Este martes 16 de junio de 2026, en Hermosillo, Sonora, se encontró sin vida a una pareja dentro de un automóvil estacionado al poniente de la ciudad. La Fiscalía estatal identificó a las víctimas como Damaris Jaqueline “N” y Jhonatan Zahid “N”, quienes tenían fichas de búsqueda activas.

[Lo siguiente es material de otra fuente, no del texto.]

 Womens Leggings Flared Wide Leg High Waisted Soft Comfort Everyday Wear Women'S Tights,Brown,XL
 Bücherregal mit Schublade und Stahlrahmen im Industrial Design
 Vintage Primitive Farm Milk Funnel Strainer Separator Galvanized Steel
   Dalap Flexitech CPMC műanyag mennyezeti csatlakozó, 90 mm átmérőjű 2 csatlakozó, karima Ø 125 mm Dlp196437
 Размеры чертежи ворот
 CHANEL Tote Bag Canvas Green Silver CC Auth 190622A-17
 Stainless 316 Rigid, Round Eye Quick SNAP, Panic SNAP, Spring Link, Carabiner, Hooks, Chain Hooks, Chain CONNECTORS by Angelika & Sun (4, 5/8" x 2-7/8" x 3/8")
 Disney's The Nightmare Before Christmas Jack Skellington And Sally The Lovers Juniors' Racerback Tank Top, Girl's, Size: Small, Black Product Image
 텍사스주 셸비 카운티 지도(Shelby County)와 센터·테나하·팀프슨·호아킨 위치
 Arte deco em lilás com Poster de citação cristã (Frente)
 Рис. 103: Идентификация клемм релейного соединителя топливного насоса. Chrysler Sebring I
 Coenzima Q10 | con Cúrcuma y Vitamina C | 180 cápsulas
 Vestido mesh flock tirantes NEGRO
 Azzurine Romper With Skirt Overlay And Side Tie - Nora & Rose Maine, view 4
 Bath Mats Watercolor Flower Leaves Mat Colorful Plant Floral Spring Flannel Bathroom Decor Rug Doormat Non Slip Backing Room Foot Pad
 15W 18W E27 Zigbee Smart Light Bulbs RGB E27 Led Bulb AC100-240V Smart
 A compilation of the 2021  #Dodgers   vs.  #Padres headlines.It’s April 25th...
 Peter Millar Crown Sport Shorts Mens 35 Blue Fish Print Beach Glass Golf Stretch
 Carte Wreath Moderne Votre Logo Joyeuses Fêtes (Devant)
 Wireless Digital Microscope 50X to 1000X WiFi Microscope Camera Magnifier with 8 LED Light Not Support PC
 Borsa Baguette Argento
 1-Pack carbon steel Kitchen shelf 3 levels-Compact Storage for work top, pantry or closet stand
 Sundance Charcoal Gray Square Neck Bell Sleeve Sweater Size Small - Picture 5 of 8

El hallazgo ocurrió en circunstancias que, a primera vista, parecen un trágico accidente. Los cuerpos fueron localizados en el asiento trasero del vehículo, en avanzado estado de descomposición debido a las altas temperaturas, pero sin señales de violencia. Entre los objetos asegurados estaban teléfonos celulares, bolsos, carteras e identificaciones que confirmaron su identidad.
La investigación apunta a una posible intoxicación por monóxido de carbono. Los peritos detectaron que el switch del auto estaba en posición de encendido y el aire acondicionado activado en nivel cuatro. Además, había ropa en el interior, lo que sugiere que la pareja se encontraba en un momento de intimidad cuando se quedaron dormidos con el motor y el aire acondicionado funcionando.
Este caso pone sobre la mesa la importancia de la seguridad y el cuidado en espacios cerrados con motores en marcha, especialmente en climas cálidos como el de Hermosillo. Aunque la tragedia es evidente, también invita a reflexionar sobre cómo evitar accidentes similares, sin caer en especulaciones que no aportan a la verdad.
Mientras tanto, en otras partes del país, proyectos como el cablebús en Puebla avanzan para ofrecer alternativas de transporte público seguras y eficientes, que podrían evitar situaciones de riesgo relacionadas con vehículos particulares. Un recordatorio de que invertir en infraestructura y movilidad urbana no solo mejora la calidad de vida, sino que también puede salvar vidas.